I come from a conservative family, and I went to a small Catholic high school, and it wasn't until college that I started to think about my own political beliefs. Life at Fordham was so much different than the environment I knew at home. Jokes that I heard my dad say every day were suddenly very problematic, and I needed to rethink the way I was living my life and what I considered acceptable.
At first, I started forming an opinion because I felt like I had to conform to the society around me. I never cared about politics, and I didn't want to start now. But, after a while, I started to defend an opinion that I truly cared about. To my family's despair, my views developed to be in stark contrast to theirs.
Whenever I go home, they tell me that this "liberal garbage" is just a phase I'm going through in college. They say that I'm being negatively influenced by my friends and that these developing beliefs are going to get me into trouble in the future — that I need to be more careful about how I present myself and my political views on social media.

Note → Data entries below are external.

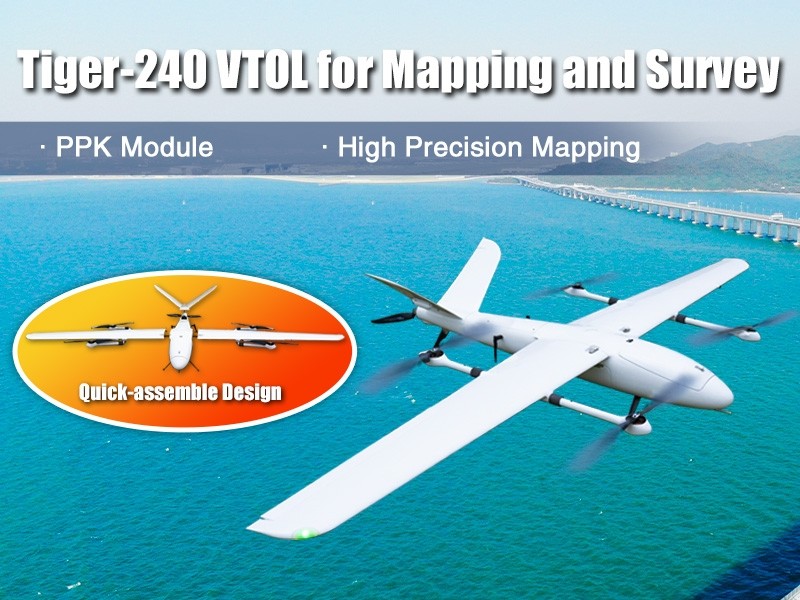 Tiger-240 VTOL Drone for Mapping and Surveying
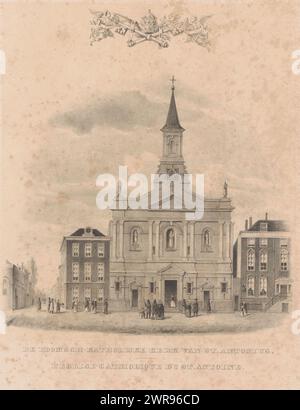 Prog Église Antoine de Padoue à la Haye, l'église catholique romaine de préparé Anthony / L'Eglise Catholique du produit Antoine (titre sur l'objet), les gens dans la rue devant l'ancien équipé Antoine de l'église de Padoue, aussi appelée église Boskant., imprimeur : inconnu, imprimeur : H.F. Soeterik, (attribution rejetée), imprimeur : A.P. van Langenhuijsen, la Haye, 1830 - 1846, papier, hauteur 291 mm × largeur 221 mm, impression Banque D'Images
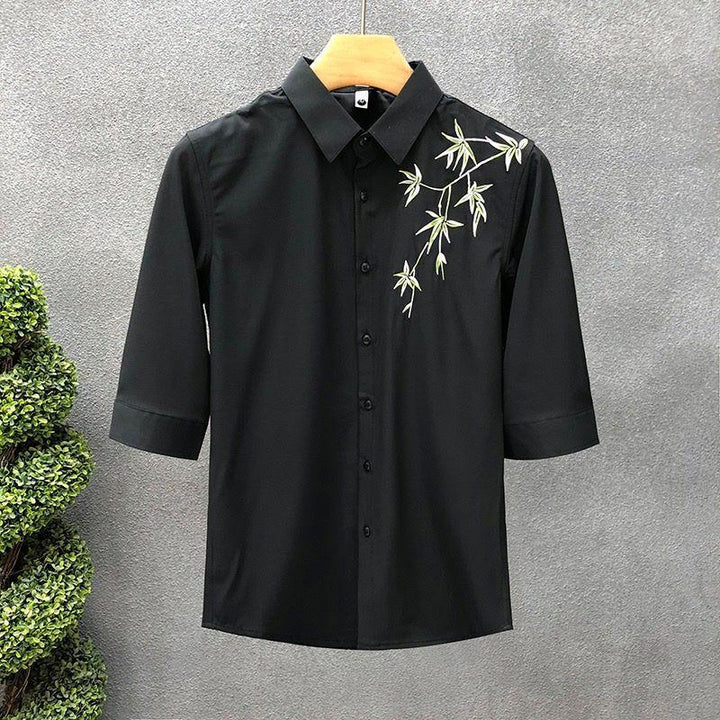 Bamboo Leaf Embroidery Shirt
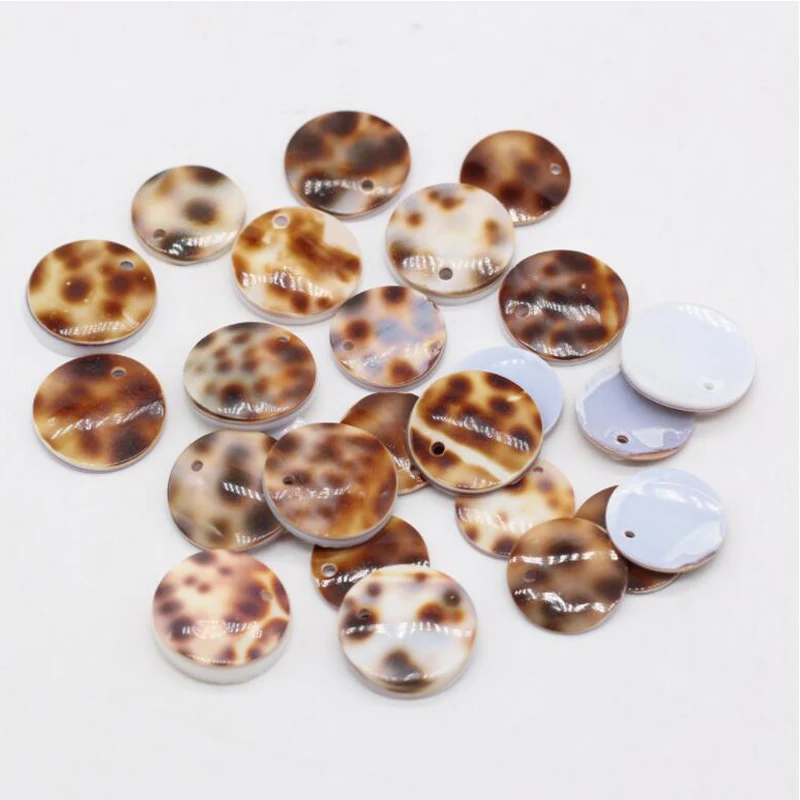 Natural Tiger Cowrie Round Shell Beads Necklace Jewelry  DIY Jewelry Accessories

Sometimes, I wonder if they're right. I wonder if I'm really hurting my reputation with this transition. Should I be worried about my future because of my newfound beliefs?
It's hard to agree with my parents, though, because I'm surrounded by people who perpetuate liberal ideals at college — and just because I've come to agree with them doesn't mean that I've been deceived or taken to this "dark side" that my family is worried about. I've just finally formed an opinion that I'm confident in supporting.
But I still can't deny the fact that I spent 18 years in a Republican household. Racism and homophobia didn't always affect or offend me as much as everyone else — I was used to hearing it all the time.
College has made me very mindful of sensitivity, and I'm working every day to become more educated about marginalized groups. However, I still make mistakes — we all do. I don't always realize what is and is not problematic, these are wounds that I'm still patching from my upbringing. I learn by making mistakes, but these mistakes have been used as weapons against me.
When I mess up, I've had people snap at me, and that's not productive. I'm trying to become a more empathetic person, and, at the same time, I'm trying to expose my family to a new point of view. Hearing from two different extremes all the time is stressful, but I continue to try my best. I form opinions every day, and, although it's difficult, I'm lucky to have so many different perspectives in my life.
This transition isn't an easy process, and change doesn't happen overnight. Mistakes should be viewed as a platform for learning, not as an opportunity for further attacks. We can only progress toward a more accepting world if we work together and understand each other's efforts and points of view.